WHAT YOU SHOULD DO:
Copy the data exactly, line for line.

◆ ◆ ◆

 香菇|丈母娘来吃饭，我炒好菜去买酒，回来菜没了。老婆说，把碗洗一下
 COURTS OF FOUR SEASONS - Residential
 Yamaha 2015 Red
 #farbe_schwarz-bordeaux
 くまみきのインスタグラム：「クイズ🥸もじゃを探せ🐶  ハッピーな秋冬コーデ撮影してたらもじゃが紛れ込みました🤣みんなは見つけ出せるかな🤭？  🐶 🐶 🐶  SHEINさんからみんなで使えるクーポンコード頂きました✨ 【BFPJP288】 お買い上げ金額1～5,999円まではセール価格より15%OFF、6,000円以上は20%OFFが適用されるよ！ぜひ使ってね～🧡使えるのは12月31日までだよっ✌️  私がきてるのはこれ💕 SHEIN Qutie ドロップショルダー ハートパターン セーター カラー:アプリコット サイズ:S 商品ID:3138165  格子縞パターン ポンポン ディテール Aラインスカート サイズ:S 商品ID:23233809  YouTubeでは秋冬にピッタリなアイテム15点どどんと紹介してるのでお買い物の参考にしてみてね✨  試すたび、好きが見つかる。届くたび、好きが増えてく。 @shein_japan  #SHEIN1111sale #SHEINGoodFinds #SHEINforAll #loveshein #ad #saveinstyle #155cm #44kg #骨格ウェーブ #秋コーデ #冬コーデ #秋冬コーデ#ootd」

◆ ◆ ◆

ANSWER TO THE EXERCISE:
 香菇|丈母娘来吃饭，我炒好菜去买酒，回来菜没了。老婆说，把碗洗一下
 COURTS OF FOUR SEASONS - Residential
 Yamaha 2015 Red
 #farbe_schwarz-bordeaux
 くまみきのインスタグラム：「クイズ🥸もじゃを探せ🐶  ハッピーな秋冬コーデ撮影してたらもじゃが紛れ込みました🤣みんなは見つけ出せるかな🤭？  🐶 🐶 🐶  SHEINさんからみんなで使えるクーポンコード頂きました✨ 【BFPJP288】 お買い上げ金額1～5,999円まではセール価格より15%OFF、6,000円以上は20%OFFが適用されるよ！ぜひ使ってね～🧡使えるのは12月31日までだよっ✌️  私がきてるのはこれ💕 SHEIN Qutie ドロップショルダー ハートパターン セーター カラー:アプリコット サイズ:S 商品ID:3138165  格子縞パターン ポンポン ディテール Aラインスカート サイズ:S 商品ID:23233809  YouTubeでは秋冬にピッタリなアイテム15点どどんと紹介してるのでお買い物の参考にしてみてね✨  試すたび、好きが見つかる。届くたび、好きが増えてく。 @shein_japan  #SHEIN1111sale #SHEINGoodFinds #SHEINforAll #loveshein #ad #saveinstyle #155cm #44kg #骨格ウェーブ #秋コーデ #冬コーデ #秋冬コーデ#ootd」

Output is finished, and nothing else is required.